Avant même les découvertes quasi simultanées de Colomb et Vasco de Gama, la compétition avait été intense entre les royaumes d’Europe. Des siècles durant, ce continent s’était distingué par une rivalité interétatique féroce qui débouchait souvent sur des hostilités ouvertes et la guerre. Cet état de choses avait stimulé les progrès de la technologie militaire. On inventait de nouvelles armes, on les lançait et mettait au point après leur essai sur le champ de bataille. La tactique évolua à mesure que les commandants profitaient de leur expérience. Ajoutons qu’on institutionnalisa le concept de violence : depuis longtemps, l’art et la littérature européens célébraient la vie du chevalier et son discernement dans l’usage de la force – c’était un acte d’amour et de foi, mais aussi l’expression de la justice. Les récits des croisades, tissus de noblesse et d’héroïsme, cachant la traîtrise, la perfidie, les serments rompus, avaient pris un tour aussi puissant qu’enivrant.
On glorifiait les combats, la violence et le sang versé pourvu qu’ils fussent justifiés.

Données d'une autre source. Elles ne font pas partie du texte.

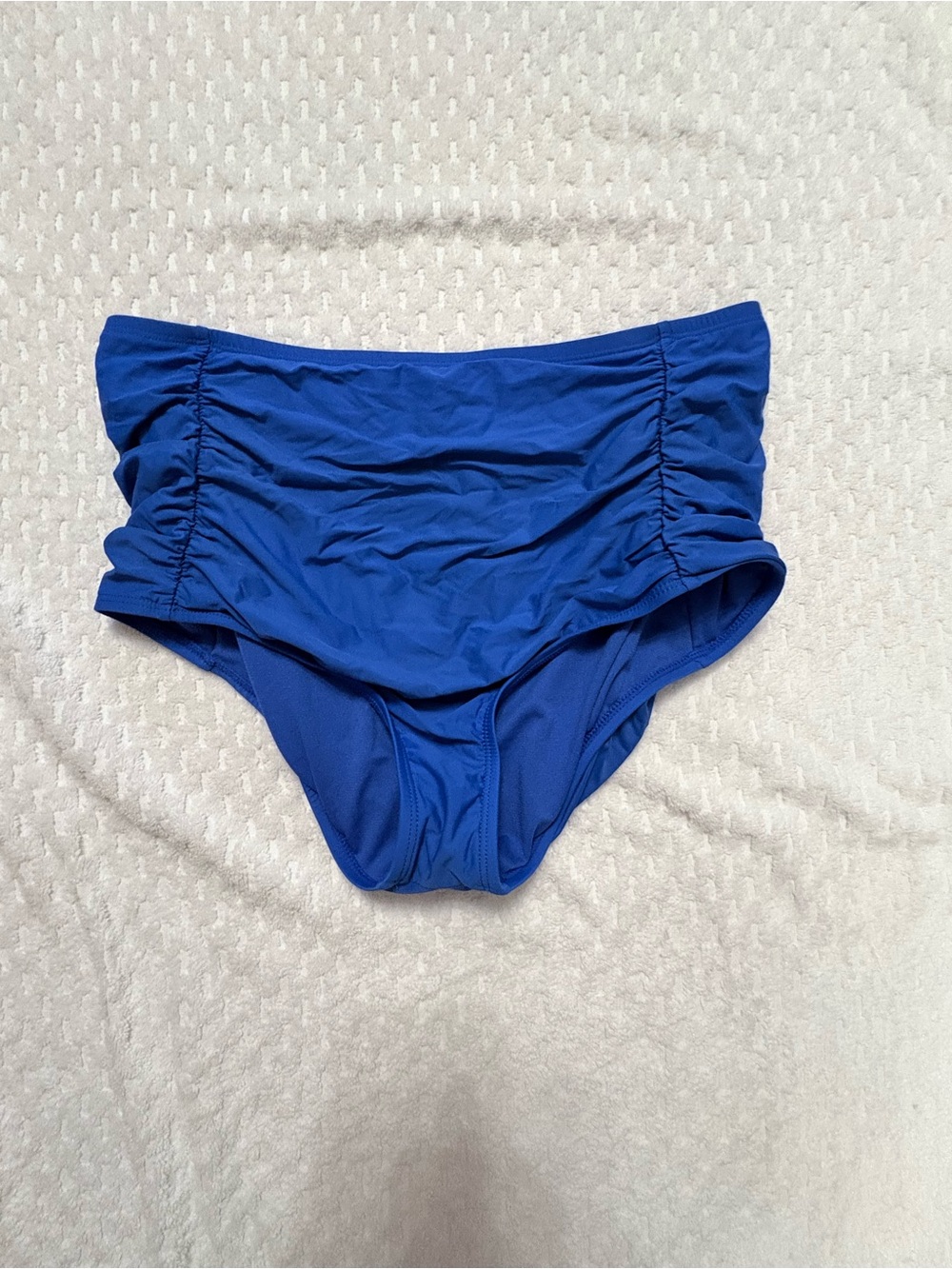 Gianni Bini Royal Blue High-Waist Ruched Bikini Bottoms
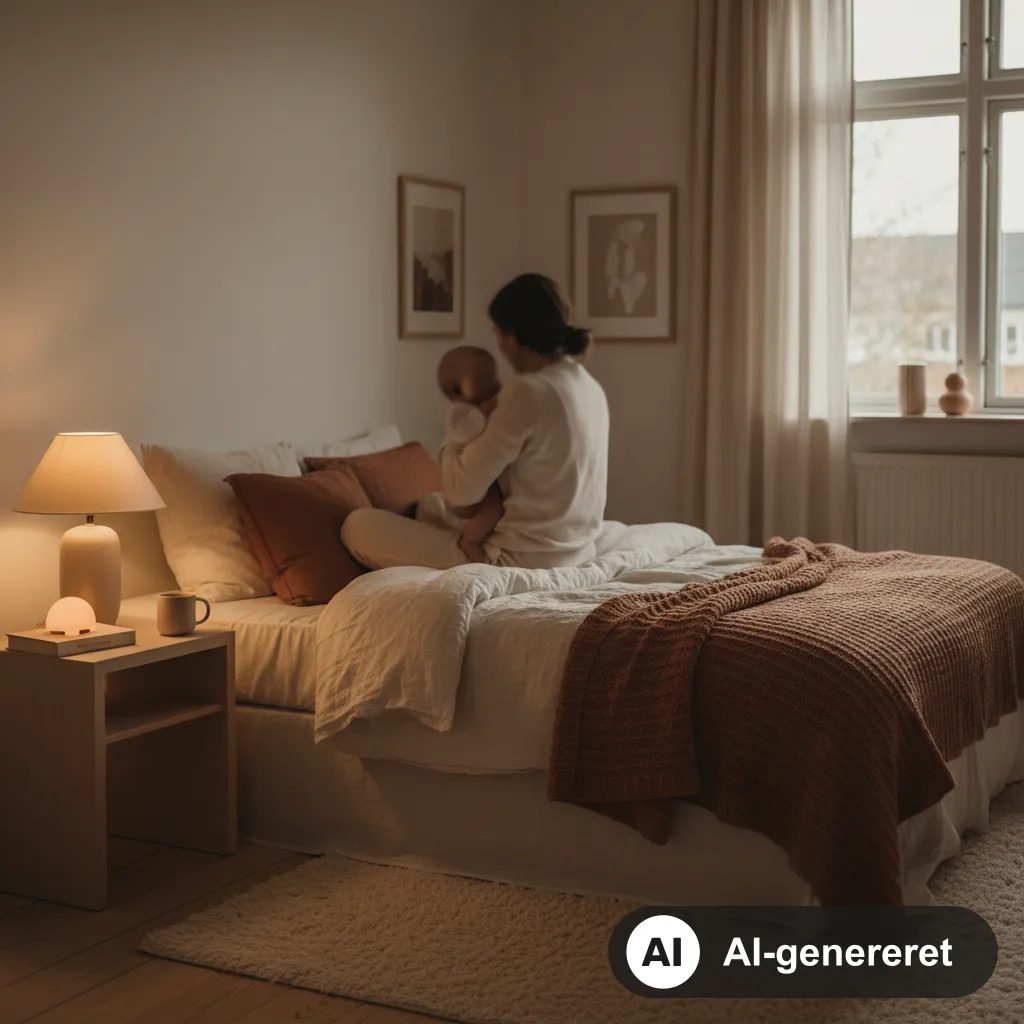 Træt forælder trøster en vågen baby om natten i et dæmpet, halvmørkt soveværelse (AI-genereret illustration)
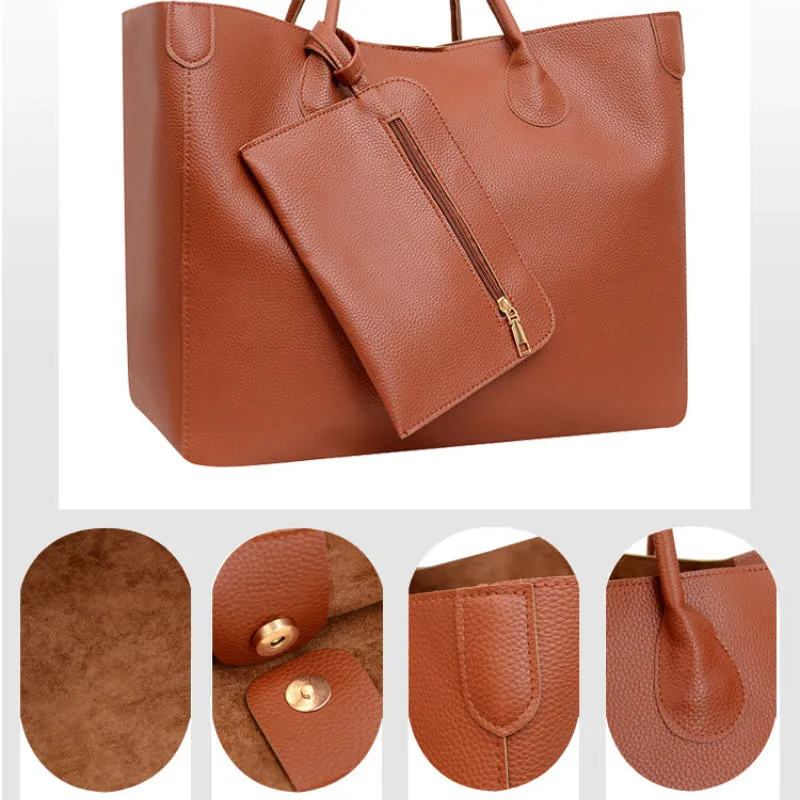 Trendy Minimalist Large Capacity Tote  Pu Bag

C’est peut-être l’une des raisons de l’importance de la religion : quelle meilleure justification à la guerre que de dire qu’elle défendait le Tout-Puissant ? D’emblée, la confusion de la religion avec l’expansion territoriale fut soigneusement entretenue : les voiles mêmes de Colomb portaient de grandes croix. Comme y insistaient sans cesse les commentateurs contemporains, s’agissant des Amériques mais aussi à mesure que les Européens commençaient à se répandre en Afrique, en Inde et d’autres régions de l’Asie puis en Australie aussi, tout cela s’inscrivait dans le plan de Dieu : l’Occident devait hériter de la Terre.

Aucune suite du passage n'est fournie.